At around timestamp 4:20 in the video, why does step 2 take place where the ring contracts to 5 carbons? Surely it would be far easier to simply have a methyl shift from the carbon in blue which would also result in a more stable tertiary carbocation.
A cursory look through several organic chemistry texts (Clayden, Carey, March, Vollhardt) as well as SciFinder doesn't reveal any instances of the same reaction used in the Khan Academy video - this would imply that either the reaction is made up to illustrate a point (albeit not very well) or comes from somewhere more obscure (historical literature in a language other than English).
The first question that it would be useful to answer is whether the reaction proceeds via an SN1 or SN2 pathway, or, to phrase this a more accurate way, to what extent is the halide dissociated at the time when the rearrangement occurs.
In general, secondary halides can undergo both SN1 or SN2 reactions depending on the conditions used (substitutions at secondary centres are always hard to predict, and often go with neither complete inversion nor complete racemisation).

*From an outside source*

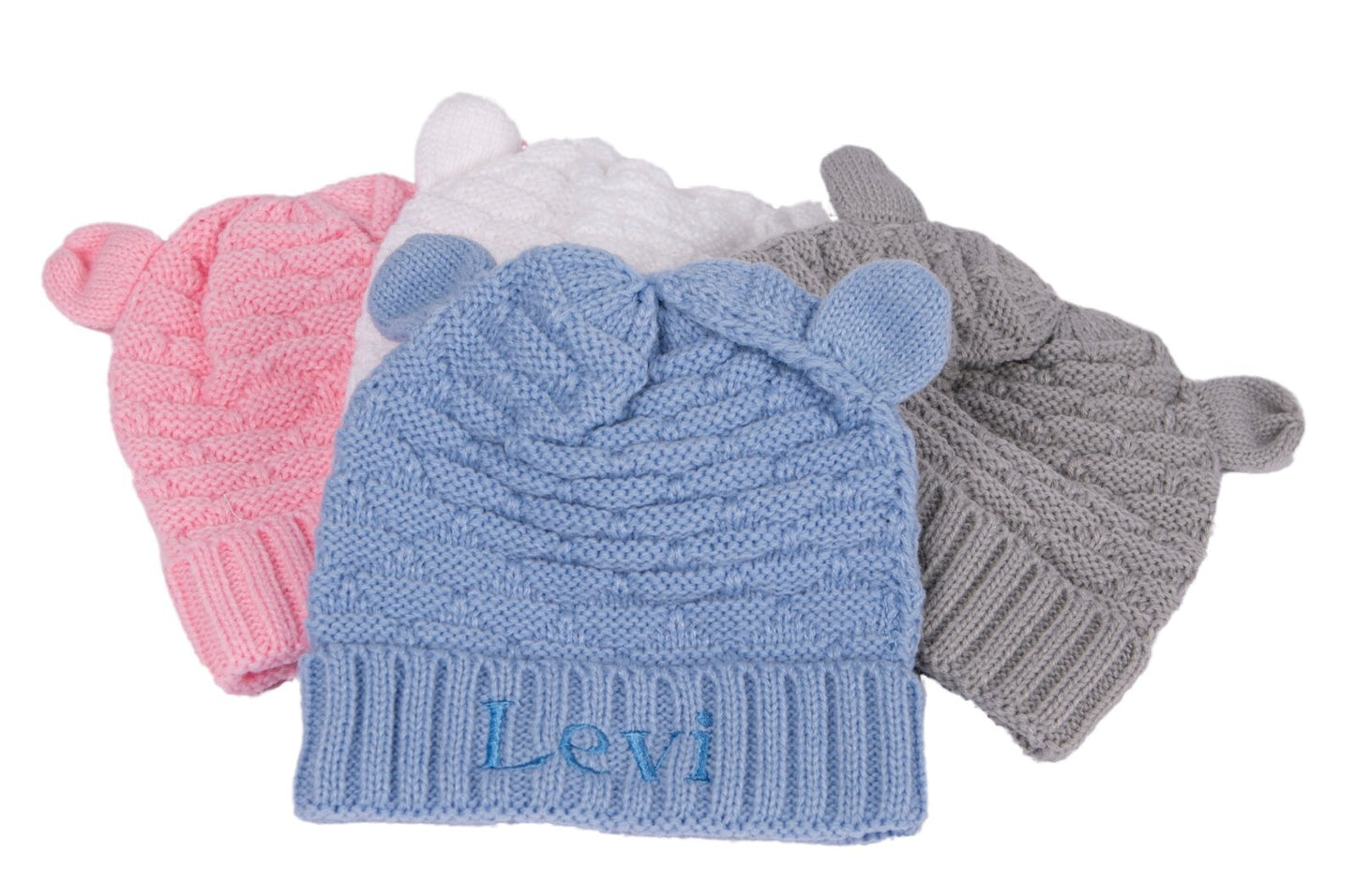 Boys Girls Baby Cute Hat with Ears 3 Months to 12 months Cute Personalised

In March's Advanced Organic Chemistry, the chapter on cationic rearrangements summarises:
The SN1-type process occurs mostly when B is a tertiary atom or has one aryl group and at least one other alkyl or aryl group. In other cases, the SN2-type process is more likely.

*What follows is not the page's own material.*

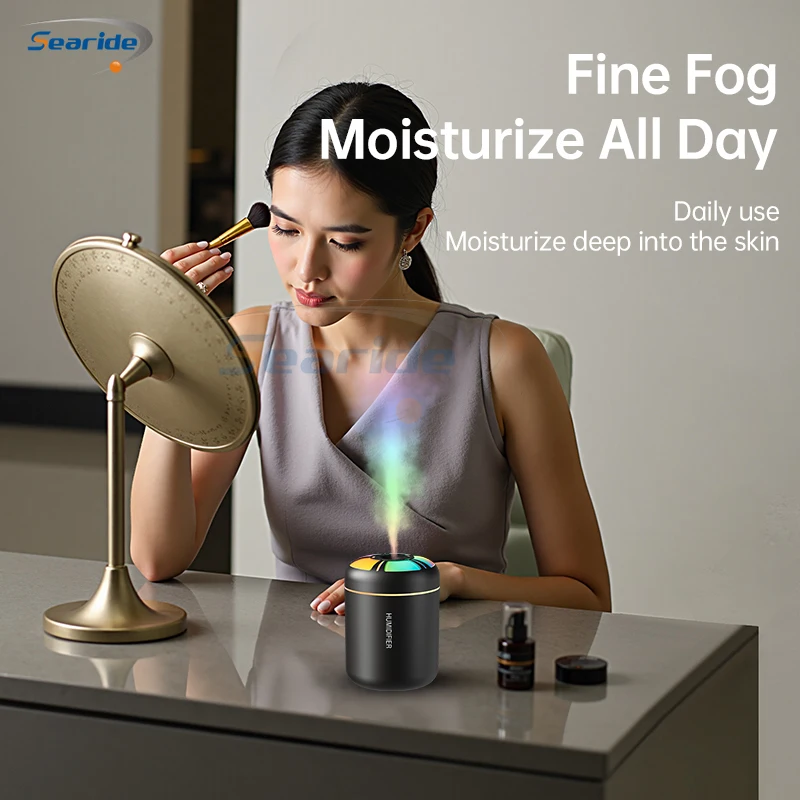 180ML Mini Air Humidifier Electric USB Aroma Diffuser Essential Oil Purifier Aromatherapy Color Lights For Car Home Bedroom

If we accept that the reaction goes via an SN2-like pathway, we must then acknowledge the stereoelectronic requirement that the migrating group must be able to interact with the C-Br σ* orbital.
This requirement immediately rules out the migration of the exocyclic methyl group, leaving only the internal C-C bond to migrate (assuming that bromine adopts the equatorial position and the ring sits on a chair-like conformation - both of which are reasonable assumptions).
Even ignoring the steroeelectronic issues, migratory aptitude would favour rearrangement of the internal C-C bond as it is marginally more able to stabilise the developing positive charge during the rearrangement.
In the absence of the original literature, it's hard to say with certainty which group migrates (though it would be an easy experiment to carry out....). That said, following the general trends for rearrangements/migrations found in undergraduate organic chemistry texts, it would seem most likely that the rearrangement takes place as shown rather than the competing 1,2-methyl shift (we're also ignoring the possibility of a proton elimination to give an alkene).